Gestalt switches in evolution


(My latest book God vs. Darwin: The War Between Evolution and Creationism in the Classroom has just been released and is now available through the usual outlets. You can order it from Amazon, Barnes and Noble, the publishers Rowman & Littlefield, and also through your local bookstores. For more on the book, see here. You can also listen to the podcast of the interview on WCPN 90.3 about the book.)

After Darwin published his book On the Origin of Species in 1859, large numbers of people were convinced in a very short time by his arguments, although full acceptance of the mechanism of natural selection took longer. But the idea of evolution had been in the air for some time. Why didn’t people before him see what Darwin and his co-discoverer Alfred Russell Wallace saw, since they had access to much of the same evidence that he had?

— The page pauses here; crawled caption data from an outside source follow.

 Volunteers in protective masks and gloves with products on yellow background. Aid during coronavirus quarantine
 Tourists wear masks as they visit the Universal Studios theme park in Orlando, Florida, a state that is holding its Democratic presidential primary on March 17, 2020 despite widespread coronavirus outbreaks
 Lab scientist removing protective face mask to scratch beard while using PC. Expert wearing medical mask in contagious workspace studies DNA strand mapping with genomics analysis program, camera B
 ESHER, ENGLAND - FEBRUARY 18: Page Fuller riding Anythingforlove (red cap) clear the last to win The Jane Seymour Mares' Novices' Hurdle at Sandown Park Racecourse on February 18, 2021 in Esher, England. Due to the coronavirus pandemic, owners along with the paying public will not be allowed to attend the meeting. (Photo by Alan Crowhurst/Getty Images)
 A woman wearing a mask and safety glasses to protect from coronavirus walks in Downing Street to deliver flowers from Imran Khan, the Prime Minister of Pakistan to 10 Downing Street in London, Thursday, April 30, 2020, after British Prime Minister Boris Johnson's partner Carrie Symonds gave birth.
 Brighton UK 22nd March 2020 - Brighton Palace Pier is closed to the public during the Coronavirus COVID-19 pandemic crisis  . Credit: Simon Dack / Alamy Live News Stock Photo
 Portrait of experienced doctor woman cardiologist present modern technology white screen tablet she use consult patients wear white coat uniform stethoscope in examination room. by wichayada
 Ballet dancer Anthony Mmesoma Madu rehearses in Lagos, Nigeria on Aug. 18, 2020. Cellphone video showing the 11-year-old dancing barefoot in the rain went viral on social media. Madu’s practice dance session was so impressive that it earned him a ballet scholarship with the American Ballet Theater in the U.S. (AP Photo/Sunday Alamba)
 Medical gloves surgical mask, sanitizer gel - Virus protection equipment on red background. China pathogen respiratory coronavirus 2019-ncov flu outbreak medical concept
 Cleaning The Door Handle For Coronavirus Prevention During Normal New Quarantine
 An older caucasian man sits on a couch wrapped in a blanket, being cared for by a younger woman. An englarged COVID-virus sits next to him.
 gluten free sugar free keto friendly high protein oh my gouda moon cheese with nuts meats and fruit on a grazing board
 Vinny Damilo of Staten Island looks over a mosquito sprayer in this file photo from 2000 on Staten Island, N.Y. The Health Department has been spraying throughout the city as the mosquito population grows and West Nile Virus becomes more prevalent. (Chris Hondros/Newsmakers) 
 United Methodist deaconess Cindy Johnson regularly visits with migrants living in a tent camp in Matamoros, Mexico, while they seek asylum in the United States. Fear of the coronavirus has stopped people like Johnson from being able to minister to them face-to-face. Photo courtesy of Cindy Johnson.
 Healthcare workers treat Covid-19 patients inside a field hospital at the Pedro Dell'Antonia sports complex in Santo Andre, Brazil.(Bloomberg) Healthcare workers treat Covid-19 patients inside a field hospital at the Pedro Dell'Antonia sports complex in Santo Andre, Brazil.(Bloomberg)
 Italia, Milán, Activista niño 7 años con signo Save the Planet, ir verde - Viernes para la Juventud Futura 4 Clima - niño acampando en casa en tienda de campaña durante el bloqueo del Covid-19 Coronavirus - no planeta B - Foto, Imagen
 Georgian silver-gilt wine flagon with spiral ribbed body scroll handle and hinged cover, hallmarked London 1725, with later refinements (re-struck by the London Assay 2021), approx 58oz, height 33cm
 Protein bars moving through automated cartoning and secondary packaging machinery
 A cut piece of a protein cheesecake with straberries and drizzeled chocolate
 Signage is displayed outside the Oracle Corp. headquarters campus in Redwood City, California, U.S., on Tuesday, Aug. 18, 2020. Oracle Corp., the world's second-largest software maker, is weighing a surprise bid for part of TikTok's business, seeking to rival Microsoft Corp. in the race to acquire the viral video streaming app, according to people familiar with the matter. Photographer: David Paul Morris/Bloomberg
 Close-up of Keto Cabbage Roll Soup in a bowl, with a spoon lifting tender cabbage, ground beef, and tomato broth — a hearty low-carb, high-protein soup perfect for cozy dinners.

A possible reason is because the theory of evolution also required a Gestalt-type switch. People had been viewing the world through a prism of Platonic ideal forms. In the Platonic view, real objects are approximations to their ideal forms and it is only the ideal forms that matter and from which we get true information. So for example, for any triangle that we draw on paper, the angles will not add up to exactly 180 degrees because of the inevitable imperfections of our drawing and the inaccuracies of our measuring instruments. But the angles of all ideal triangles (that we can only conceive of in our minds) will always add up to 180 degrees, and it is the properties of that ideal form that is important to understand, not our real-life approximations.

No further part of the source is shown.